Page MenuHomePhabricator

APISite.loadpageinfo may discard changes to page content when information was not loaded
Closed, ResolvedPublicBUG REPORT

Description

Demonstrated on listpages.py.

scripts/listpages.py
page_target.text = text
page_target.save(summary=summary)
  • Page.text.setter updates the Page._text attribute with the new content
  • Page.save calls Page._save internally
  • Page._save calls Page._cosmetic_changes_hook
  • Page._cosmetic_changes_hook calls Page.content_model (new after rPWBC94a3f39a038a87e7516e55a253423609694d5342)
  • Page.content_model cannot use cached information because it hasn't been loaded yet (when -overwrite is used), so it calls APISite.loadpageinfo -> APISite._update_page -> pywikibot.data.api.update_page
  • pywikibot.data.api.update_page does del page.text which unconditionally deletes Page._text (the text saved in page_target.text = text)

The last step is the problem: APISite.loadpageinfo deletes the useful content.

Workarounds:

  • (for users) disable cosmetic changes
  • (for developers) always completely initialize the page object before updating its content

Quick fix: revert rPWBC94a3f39a038a87e7516e55a253423609694d5342 (or just remove the content_model check).

Event Timeline

matej_suchanek created this task.

I made the quick fix revert to publish a new release because this bug is inside a widely used code part

Xqt claimed this task.

see follow-up Task T260489

see follow-up Task T260489

Fine with it but I believe this task is not resolved. The actual problem is not loading content model during save but loadpageinfo discarding _text.

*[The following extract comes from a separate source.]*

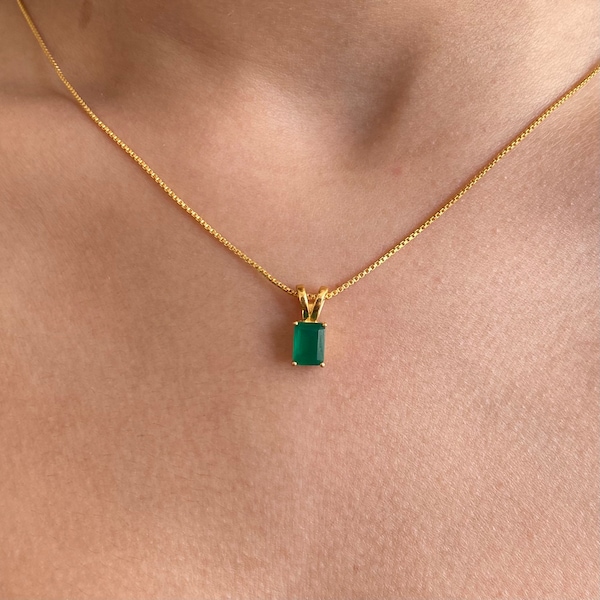 Green Onyx Necklace | Rectangle Pendant | 18K Gold Plated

Change 620503 had a related patch set uploaded (by Matěj Suchánek; owner: Matěj Suchánek):
[pywikibot/core@master] [bugfix] Change meaning of BasePage.text

https://gerrit.wikimedia.org/r/620503

matej_suchanek removed Xqt as the assignee of this task.
matej_suchanek moved this task from Backlog to Needs Review on the Pywikibot board.

Fine with it but I believe this task is not resolved. The actual problem is not loading content model during save but loadpageinfo discarding _text.

Yes sure, we can have two tasks: One for the underlying problem menioned here, one for the cc on wikitext only (probably soleved with reverting the revert after this patch here has been merged.

Xqt claimed this task.

Change 620503 merged by jenkins-bot:
[pywikibot/core@master] [bugfix] Change meaning of BasePage.text

https://gerrit.wikimedia.org/r/620503

Xqt reopened this task as Open.EditedAug 27 2020, 1:26 PM

Reopened due to failing tests after this patch:
https://travis-ci.org/github/wikimedia/pywikibot/builds/721646028

I guess most of them are related to ProofreadPage

Change 622811 had a related patch set uploaded (by Matěj Suchánek; owner: Matěj Suchánek):
[pywikibot/core@master] [bugfix] Clean up ProofreadPage.text

https://gerrit.wikimedia.org/r/622811

Change 622811 merged by jenkins-bot:
[pywikibot/core@master] [bugfix] Clean up ProofreadPage.text

https://gerrit.wikimedia.org/r/622811

The tests are still failing because ProofreadPage doesn't like the dummy foobar text.
Anyone having a dummy sample for ProofreadPage?

Change 622838 had a related patch set uploaded (by Matěj Suchánek; owner: Matěj Suchánek):
[pywikibot/core@master] [WIP] Clean up and fix ProofreadPage and tests

https://gerrit.wikimedia.org/r/622838

Change 622838 merged by jenkins-bot:
[pywikibot/core@master] Clean up and fix ProofreadPage and tests

https://gerrit.wikimedia.org/r/622838

The build doesn't fail on this anymore and the following now works as expected:

>>> page = pywikibot.Page(pywikibot.Site('en', 'wikipedia'), 'Dummy')
>>> page.text = 'dummy'
>>> page.exists()
True
>>> page.text
>>> 'dummy'

I believe we can close it now.